Have you heard of the PHL Participatory Design Lab?

It’s not a lab in the traditional sense — we’re not wearing white coats or holding beakers — instead, we’re a small team of six City of Philadelphia employees using research and data to improve how the City interacts with residents.

Over the next 12 months, we’ll be redesigning City services to benefit the most important people — our residents!

The program is made possible thanks to a Knight Cities Challenge award from the John S. and James L. Knight Foundation.

Here are 5 other things you should know about the PHL Participatory Design Lab.

1. The work will be participatory.

This means that the Design Lab team will work with City departments, organizations, and residents to improve services together. We believe that people closest to a service problem are closest to the solutions.

2. The Design Lab team will use social science.
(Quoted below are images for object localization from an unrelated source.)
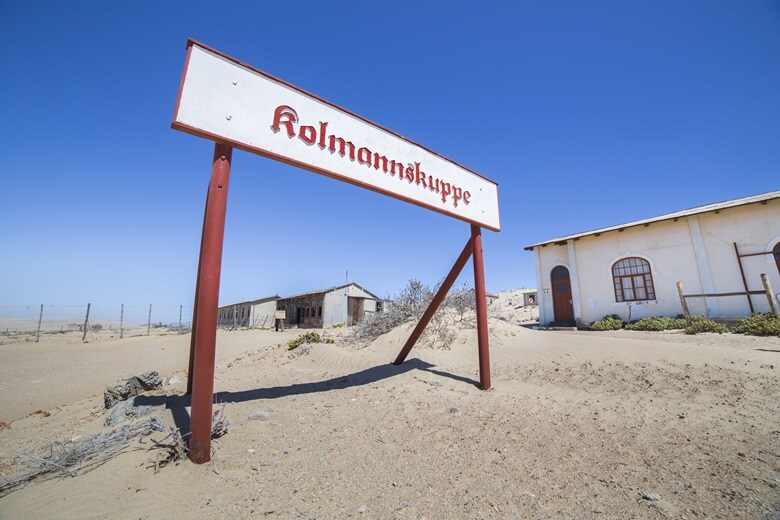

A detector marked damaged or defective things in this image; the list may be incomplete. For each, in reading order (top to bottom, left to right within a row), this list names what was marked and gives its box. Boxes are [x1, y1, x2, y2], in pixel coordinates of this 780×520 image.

rusty metal pole [188, 142, 232, 464]
rusty metal pole [394, 237, 472, 364]
rusty metal pole [472, 224, 490, 390]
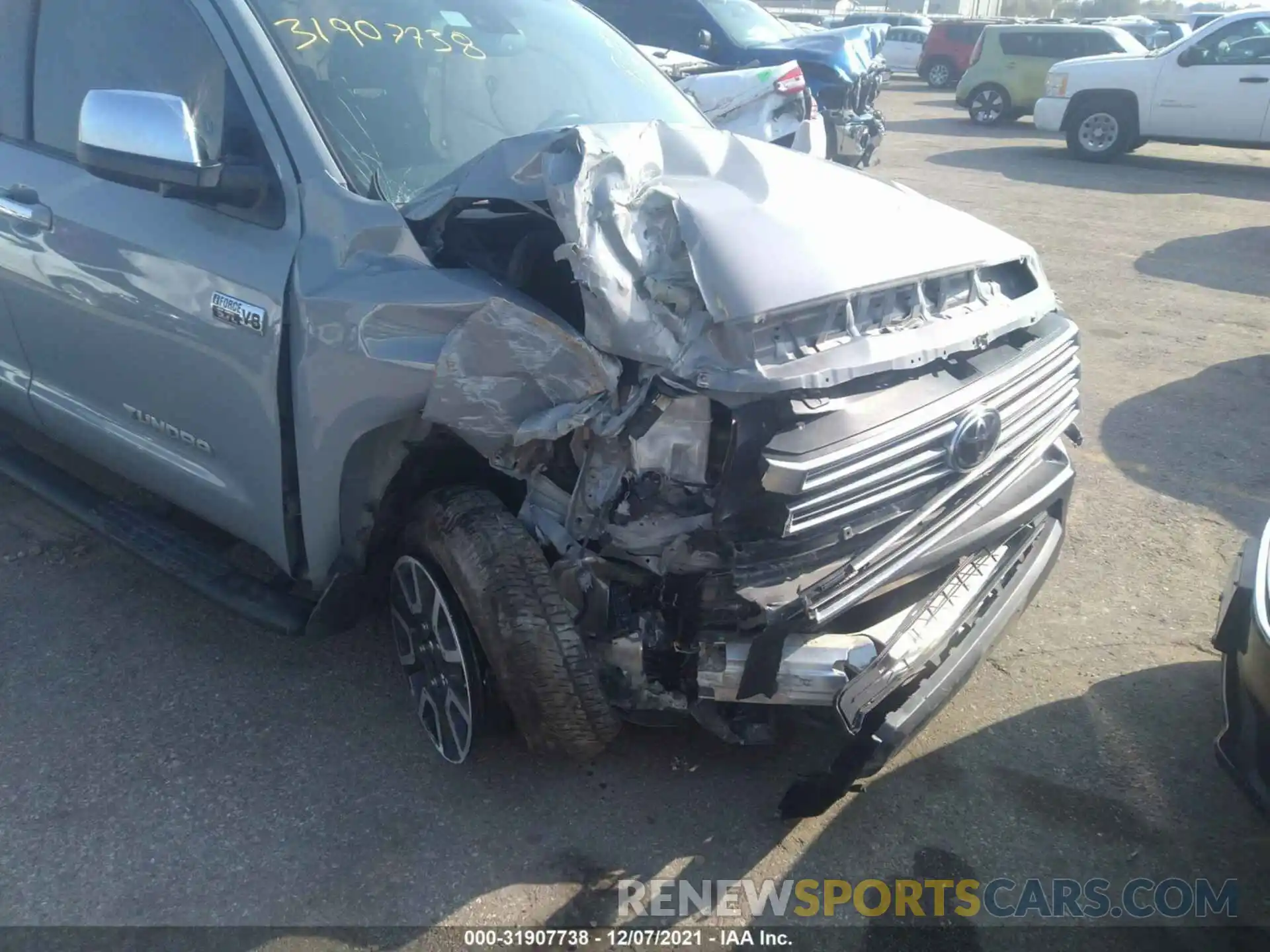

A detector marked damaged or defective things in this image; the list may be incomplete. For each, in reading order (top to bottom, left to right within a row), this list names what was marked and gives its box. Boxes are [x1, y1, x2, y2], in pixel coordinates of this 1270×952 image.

damaged vehicle in background [640, 47, 827, 157]
damaged vehicle in background [581, 0, 889, 167]
crumpled hood [746, 22, 889, 81]
torn sheet metal [424, 299, 622, 459]
damaged vehicle in background [0, 0, 1081, 822]
wrecked car hood [411, 120, 1056, 406]
damaged front end [409, 123, 1081, 817]
torn sheet metal [540, 122, 1056, 396]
Did you know that you’re more likely to open an envelope with a handwritten address label over one with your computer-printed name? These are the kind of helpful insights that a social scientist can use to nudge residents into taking action. The PHL Participatory Design Lab recently hired a social science fellow, Nathaniel Olin, to advance this effort.
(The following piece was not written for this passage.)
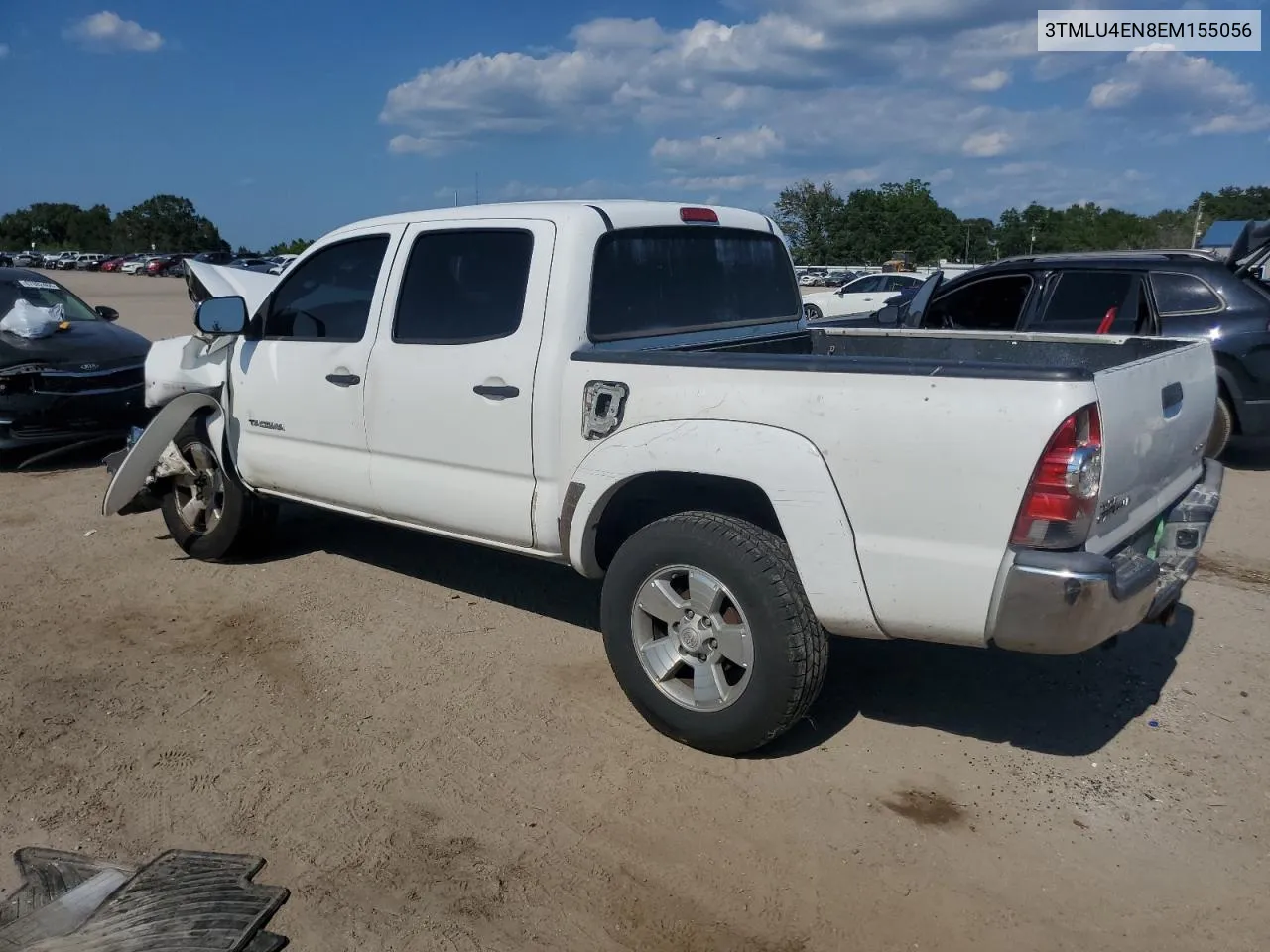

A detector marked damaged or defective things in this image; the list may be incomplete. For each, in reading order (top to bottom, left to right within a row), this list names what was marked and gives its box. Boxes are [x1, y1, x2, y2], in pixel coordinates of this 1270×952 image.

wrecked vehicle [0, 268, 150, 460]
crumpled fender [103, 393, 226, 516]
wrecked vehicle [106, 199, 1222, 750]
crumpled fender [564, 418, 881, 635]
3. The Design Lab team will use service design methods.

Have you ever been frustrated by a service experience? Maybe, a line was too long; or, a customer service representative didn’t have the information you were in search of?  Service designers look at these experiences from beginning to end to understand what works and doesn’t. With that understanding, they design improvements with those who use, advocate for, and deliver services. The Lab recently hired Devika Menon as its service design fellow.
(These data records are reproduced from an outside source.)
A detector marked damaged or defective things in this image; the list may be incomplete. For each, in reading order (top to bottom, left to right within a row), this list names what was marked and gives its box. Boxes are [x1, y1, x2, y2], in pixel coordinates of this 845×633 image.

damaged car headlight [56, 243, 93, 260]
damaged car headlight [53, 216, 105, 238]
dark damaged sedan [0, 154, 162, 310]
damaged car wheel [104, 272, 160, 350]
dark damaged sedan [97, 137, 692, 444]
4. Two City departments are currently partnering with the PHL Participatory Design Lab.

The Office of Homeless Services and the Department of Revenue are the first City agencies to partner with the Lab. In Revenue’s case, the Lab will help improve the Owner-Occupied Payment Agreement program, which helps homeowners make affordable monthly payments on property taxes that are past due. For the Office of Homeless Services, the Lab is looking at the agency’s centralized homeless intake system, which provides short-term emergency housing for individuals and families.

5. Two women lead the PHL Participatory Design Lab.

The Office of Open Data and Digital Transformation (ODDT) and the Mayor’s Policy Office accepted the Knight Cities Challenge award in the summer of 2017. Liana Dragoman, Service Design Practice Lead and Deputy Director in ODDT , and Anjali Chainani, Director of Policy in the Mayor’s Office, will be the fearless leaders of this work throughout 2018!